Taking each step in turn and noting that we can then deliver the individual steps by developing units which use the examples in the steps as acceptance criteria. We then go on to deliver a unit testing class which tests for the correct number of results and then the average results etc. etc,

Benefits, Warnings, Tips

One thing that has consistently been a problem in the past is how to align acceptance and unit tests. If you don't have full code coverage at acceptance tests level, you run the risk of allowing development too much leeway in creating examples which are not aligned in other components of your architecture. That said, given acceptance tests tend to be slow in nature, you could trade off some acceptance specifics, that are low value or risk, such as exception cases, for unit test coverage in that domain, since the 'unit' is typically where such exceptions originate.

Developing unit tests back from the acceptance tests with examples usually give you the highest value cases and secondary scenarios, which automatically gives you unit test alignment with the value that the stakeholder wants. Build on those to then fill out the unit with exception tests, say, potentially mocking them out if you need to.

Tip 1: Take care that that acceptance tests and unit tests are 'joined up'.
This should automatically happen, but there are many a case where it doesn't. This is why working back from the acceptance criteria examples is best to do. If the examples are courses grained than you need at the unit level, discuss it with the stakeholder.

Tip 2: Know Your Context and Watch your coverage!
This is a contentious one. I am of the view that things should be covered 100% in some form. Acceptance tests really help cover at least 80% of the value. However, there are often edge cases and bugs which come about which resulted from unforeseen scenarios. Adding a test for the bug is great, as this fills the gaps, but be aware that it's possible to have acceptance tests cover 80% say, unit tests to cover 100% of the code, but you still have integration problems which result from the 'missing' 20% acceptance tests or bugs resulting from data you/the stakeholder hadn't thought of. This is why integration tests came about, but if you have 100% acceptance test coverage, you don't need integration tests at all, because that's already in the acceptance tests anyway.

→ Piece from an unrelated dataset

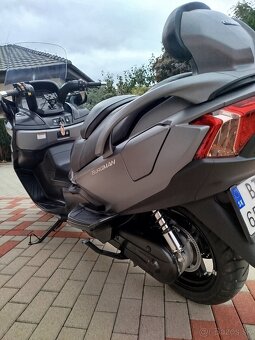 Suzuki Burgman 650 executive. - 12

This won't always be possible. For example, interfacing with some cloud providers. So know the context of the system and work with that to deliver right up to the cloud service boundary.

Also, don't forget that overusing mocks is a bad thing and unit testing just the edges around the value covered by acceptance tests (if they're not 100%) doesn't prove anything credible either, since you can't isolate an error in acceptance tests by the unit tests that way. I've illustrated the problem areas below, since they will need special attention. Perhaps another discussion with the business owner. Note, green includes unit test coverage and has been removed for clarity.

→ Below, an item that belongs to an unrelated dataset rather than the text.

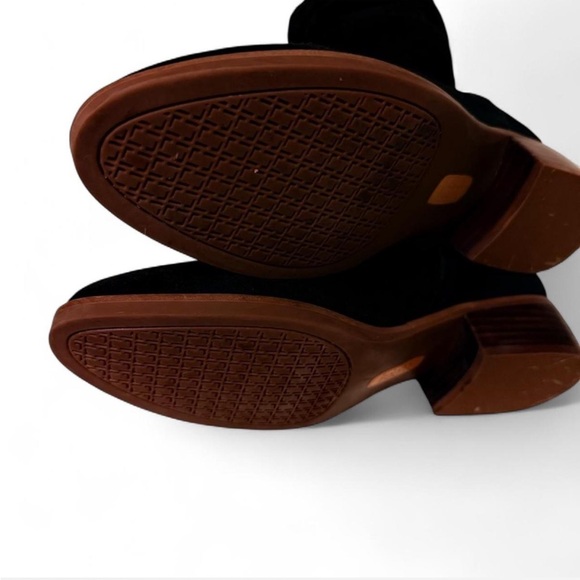 EUC Lucca Lane leather Black Ankle Booties - Picture 8 of 9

With mocks. Acceptance test in green, unit test coverage. Red indicates potential areas for bugs, so pay special attention to them.

Without mocks (or only at the extremeties) Again pay particular attention to the red areas.

One of the difficulties is that the red areas are points where the developers don't necessarily have enough information to go on. i.e. they can't set up their tests without potentially fabricating some tests data and the overall behaviour of the system may or may not be consistent with the information used in the other red area(s). Hence, your test suite has the potential to use different entities, with partial overlaps in fields, to get different results in these two different areas of the system.

So make sure that a combination of examples you use makes sense. This might necessitate checking what's in the tests already to make sure you don't create an absurd scenario, such as using random credit card digits for a number in a section of the site you're not interested in unit tests, only for someone else to develop a Luhn validation algorithm and it breaks in all these cases. Not nice to leave cleaning up that sort of mess to your colleagues!